Secara pribadi dirinya menyadari bahwa dalam membuka usaha pertambangan rakyat maupun badan usaha harus memiliki izin. Dengan demikan, tahun 2020 lalu dirinya memfasilitasi sejumlah teman pengusaha untuk mengurus izin usaha pertambangan.
“Tahun 2020 saya mengumpulkan teman-teman untuk bersama-sama mengurus izin. Dan tahun 2021 baru kami sebagian memperoleh IUP Eksplorasi,”pintanya.
“Pada saat itu diskresi dari Pemprov sudah tidak berlaku lagi karena kewenangan sudah ditarik ke Pusat. Jadi semua berjalan menggunakan IUP Eksplorasi.
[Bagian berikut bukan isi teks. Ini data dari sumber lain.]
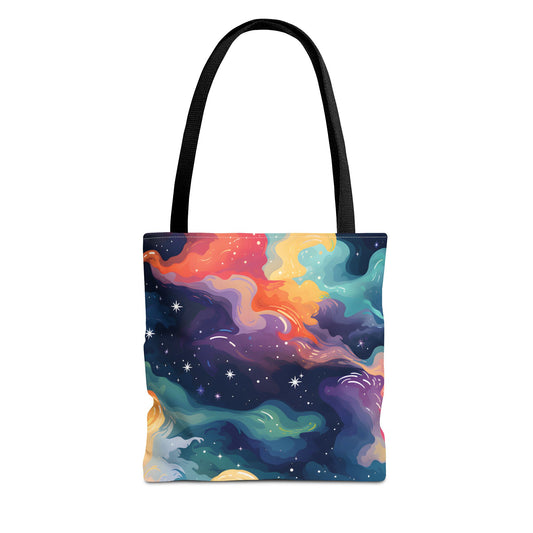 Galaxy Pattern Tote Bag Design 3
Dan di akhir 2022 baru keluar lagi kebijakan harus mengurus Operasi Produksi (OP), sehingga semua anggota Astero sementara mengurus di PTSP, DLH, dan ESDM Provinsi karena kewenangan sudah dikembalikan lagi dari Pusat ke Provinsi,” jelasnya.
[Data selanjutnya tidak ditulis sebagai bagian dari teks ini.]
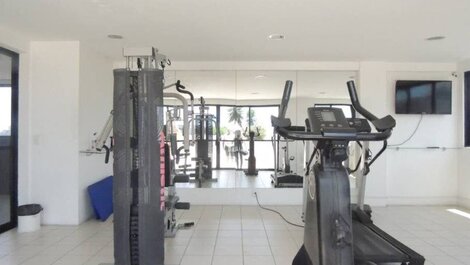 Amplio y confortable dormitorio y sala de estar en PAJUÇARA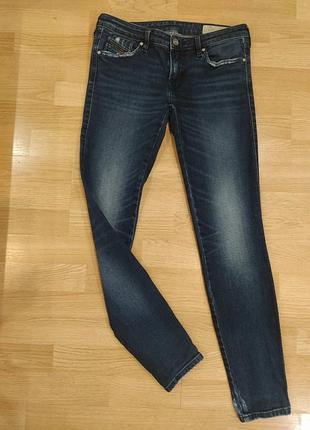 Стильные джинсовые брюки женские, 💯 коттон+ стрейч, оригинал,
diesel, size s  (28)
Lebih lanjut kata dia, potensi kerusakan lingkungan yang ditimbulkan akibat penambangan liar tanpa izin, sebenarnya sudah terjadi di Desa Mukekuku oleh oknum penabang atas nama Beny Mulik. Bahkan yang bersangkutan sudah diperintahkan oleh Kementerian Lingkungan Hidup dan Kehutanan untuk melakukan mereklamasi kembali kerusakan yang ditimbulkan. Namun sampai saat ini belum ditindaklanjuti.
Dijelaskan, terkait kontribusi PAD berupa retribusi pertambangan itu harus dilihat izinnya keluar kapan? Ada pengusaha yang sudah mengatongi izin sejak tahun 2021 dan 2022.sehingga retribusinya sudah pasti dibayar. Namun jika izinnya keluar di akhir Desember 2022 dan baru melakukan kegiatan di Januari 2023, maka tentunya akan membayar retribusinha pada bulan Pebruari atau bulan depan.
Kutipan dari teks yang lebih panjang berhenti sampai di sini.